Après avoir consacré un jour à ses tristes réflexions, l’esprit entreprenant qui l’avait guidé à travers tant de dangers fortifia son cœur contre ce cruel désappointement. « J’irai, disait-il, rejoindre mes parents au Canada, où ils ont donné à un vallon transatlantique le nom de celui de leurs pères. Jeannette fera son paquet comme la femme d’un soldat.
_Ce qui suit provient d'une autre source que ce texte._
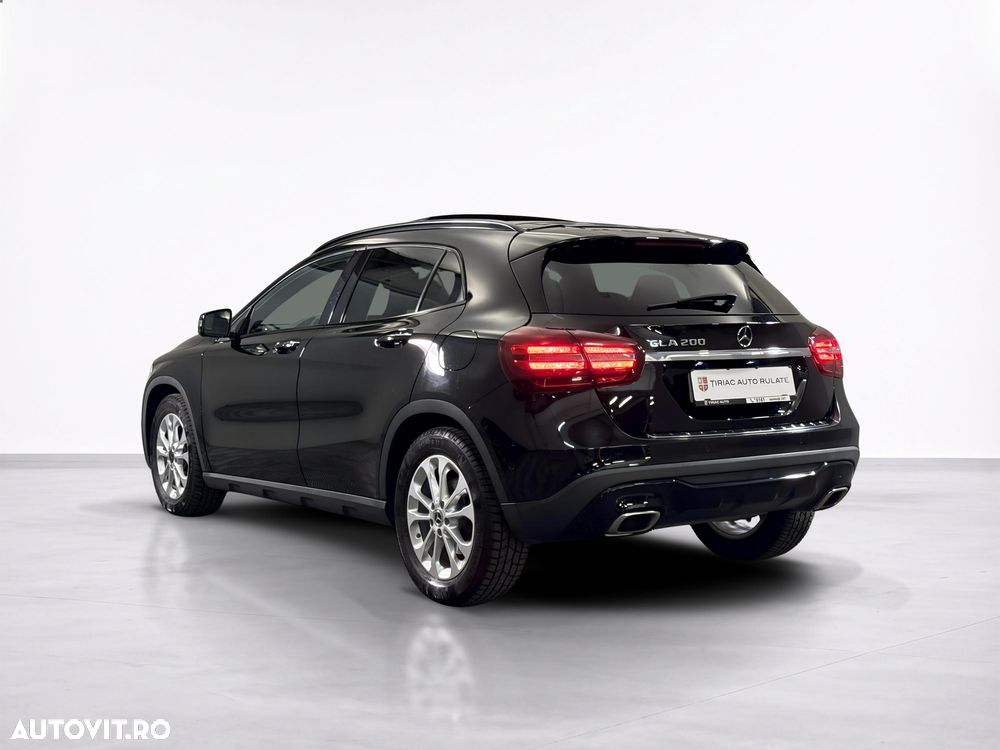 Mercedes-Benz GLA - 4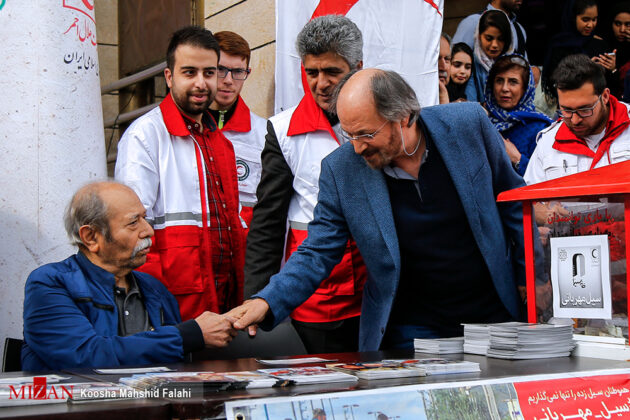 Movie Stars Gather in Tehran to Raise Fund for Flood Victims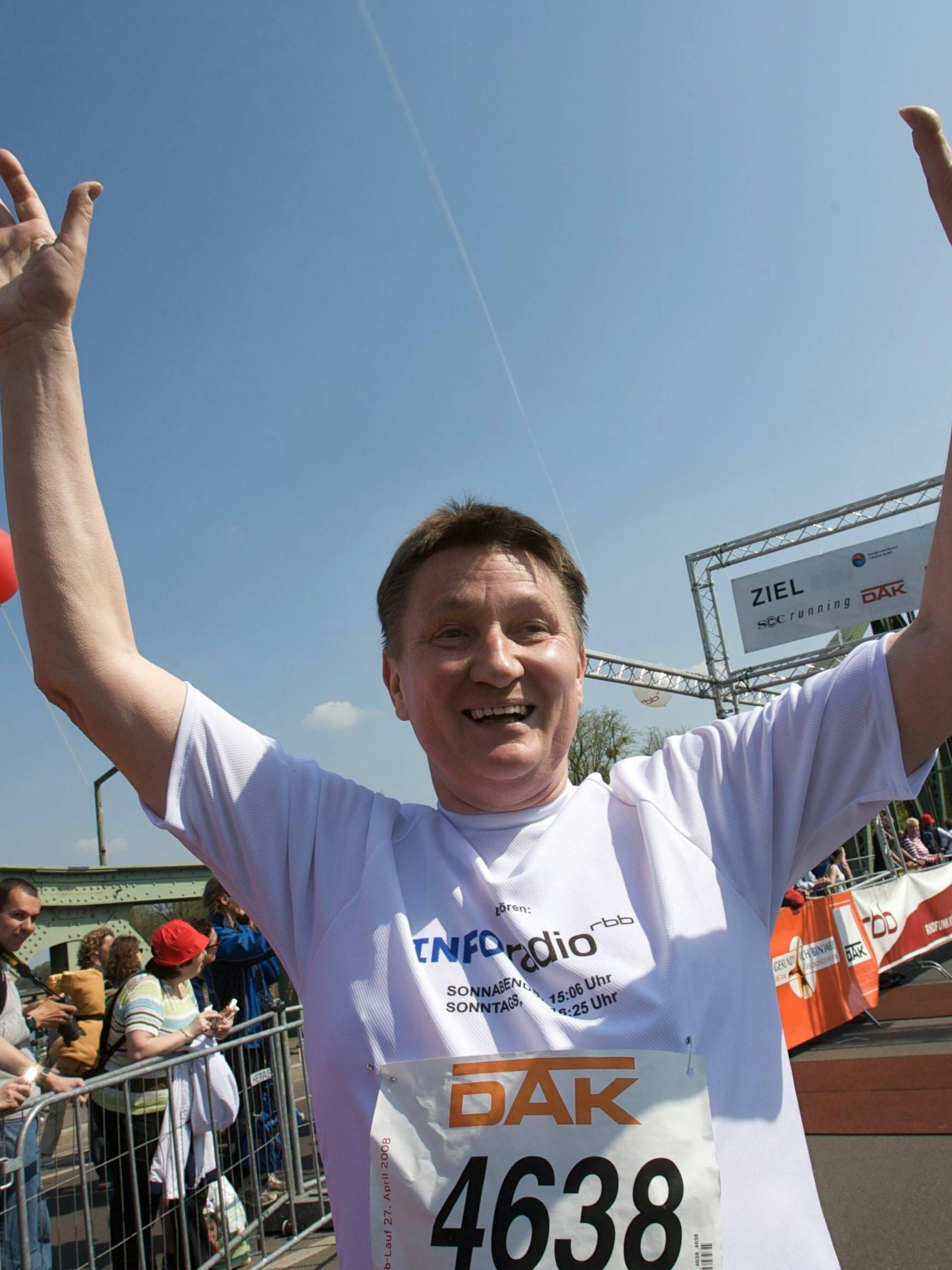 Ein Reporter wie Ulli Zelle macht alles, sogar bei einem Kurz-Marathon mitlaufen (2008)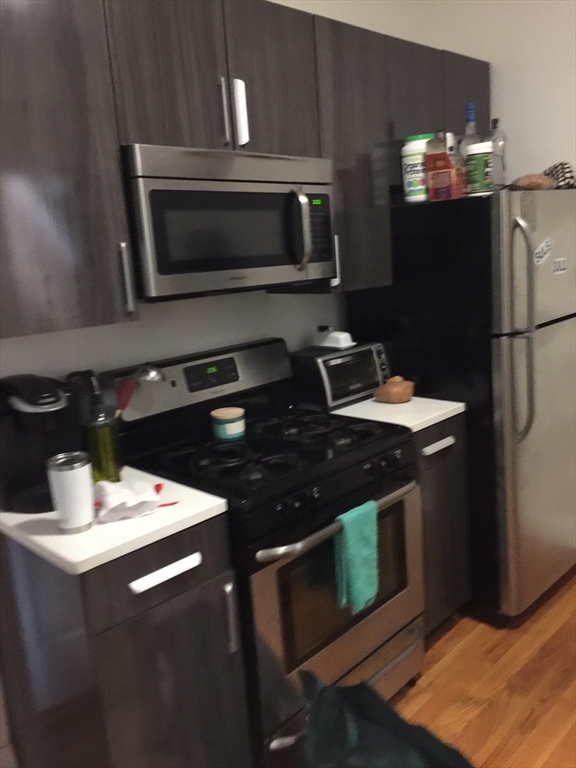 155 Salem Street, Boston, Massachusetts, 2 Bedrooms Bedrooms, 4 Rooms Rooms,1 BathroomBathrooms,Residential Lease,For Rent,Salem Street,73407596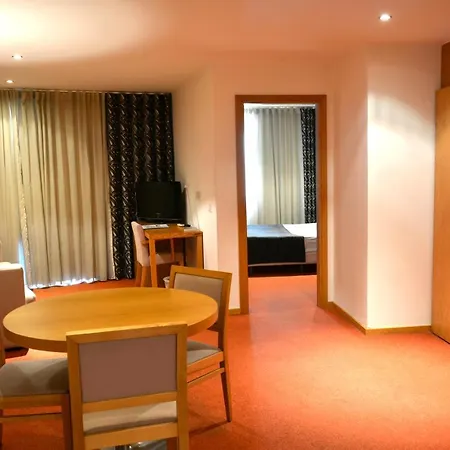 Paredes Hotel Apartamento 3* Paredes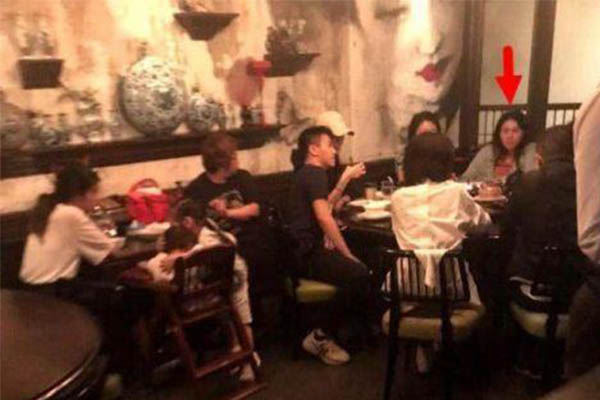 奚梦瑶何猷君情侣帽，网友出街捕获“野生”情侣甜腻组图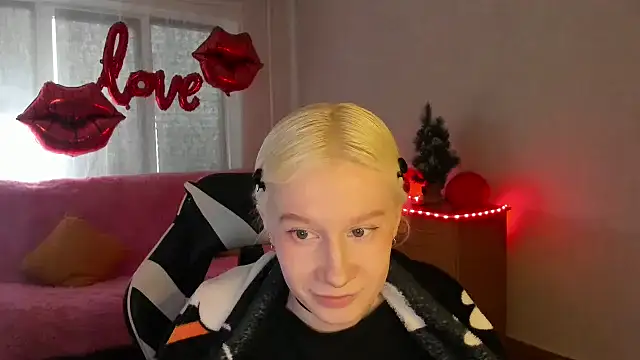 Snapshot of EnigmaSee chatting on March 19, 2026, 1:49 am EnigmaSee online show from March 19, 2026, 1:49 am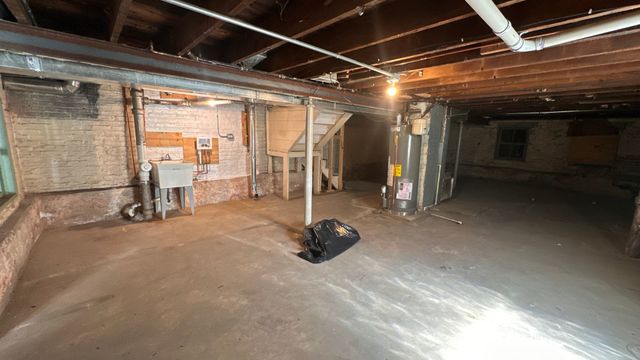 10710 S Green Bay Avenue, Chicago, IL 60617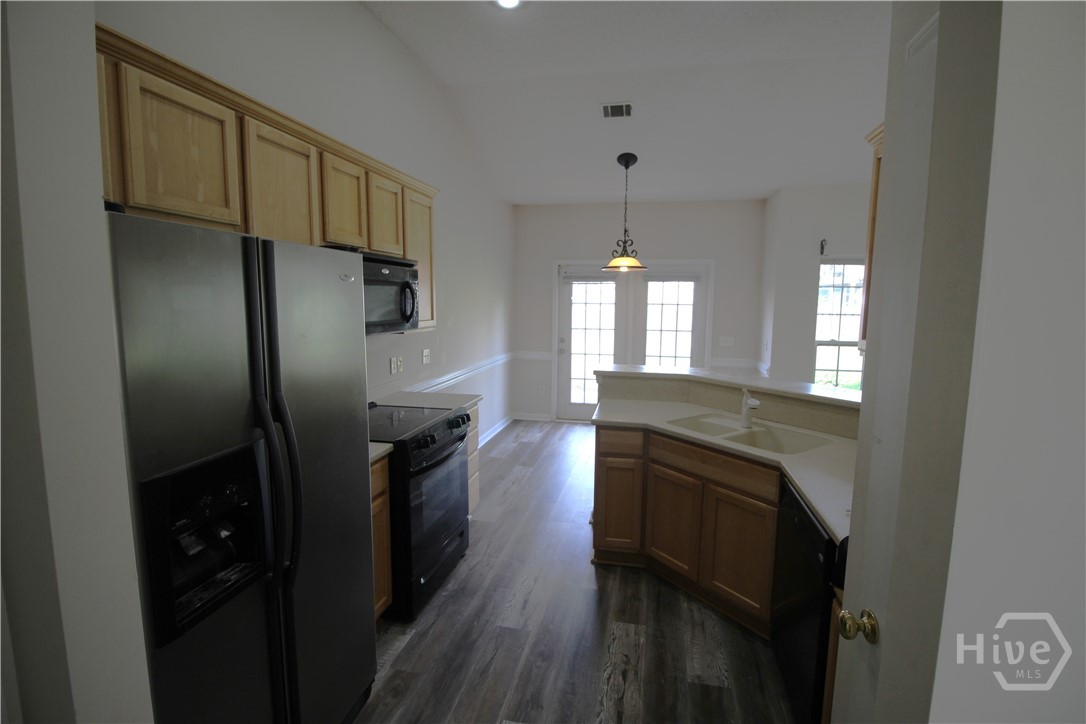 806 Granite Lane Property Photo 4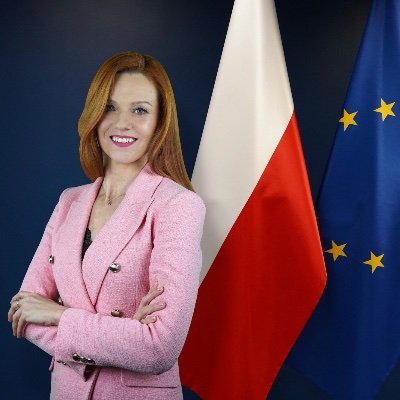 Polsce służyć, Europę tworzyć, Świat rozumieć .
Doradca ds. europejskich, państwowiec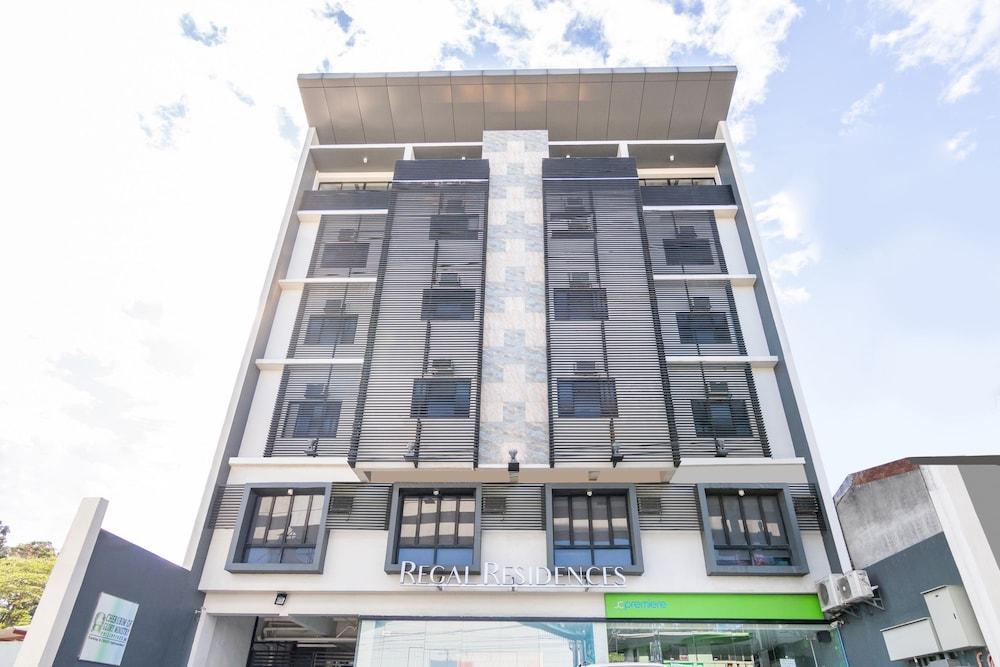 Oyo 136 Regal Residences Quezon City Exterior photo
Au diable la distance ! C’est le saut d’une puce, en comparaison des voyages et des marches que j’ai faits pour de plus légères causes. »

Dans cette intention, il quitta les Highlands ; et il passa à Ganderscleugh avec sa sœur, en se rendant à Glasgow, dans l’intention de s’embarquer pour le Canada. Mais à cette époque l’hiver commençait, et il pensa qu’il serait prudent d’attendre le printemps pour s’embarquer, car alors le Saint-Laurent serait ouvert, et il se fixa parmi nous pour le peu de mois qu’il devait rester dans la Grande-Bretagne. Comme nous l’avons dit plus haut, ce respectable vieillard trouva une grande déférence et de grandes attentions pour lui dans tous les rangs de la société. Aussi lorsque le printemps fut de retour, il se trouva si satisfait de ses quartiers d’hiver, qu’il ne fut plus question de ses projets de voyage. Jeannette craignait la mer, et lui-même ressentait les infirmités de l’âge et du service, plus qu’il ne l’avait d’abord pensé. Il en parla au ministre, et mon digne patron M. Cleisbotham lui répondit qu’il valait mieux rester avec des amis éprouvés, que d’aller au loin, pour rencontrer pis. Il s’établit donc tout-à-fait à Ganderscleugh, à la grande satisfaction, comme nous l’avons déjà dit, de tous ses habitants, pour lesquels son intelligence militaire, et ses savants commentaires sur les journaux, les gazettes et les bulletins, en firent un véritable oracle et l’interprète de tous les événements des guerres passées, présentes ou futures.

Il est vrai que le sergent n’était pas conséquent avec lui-même.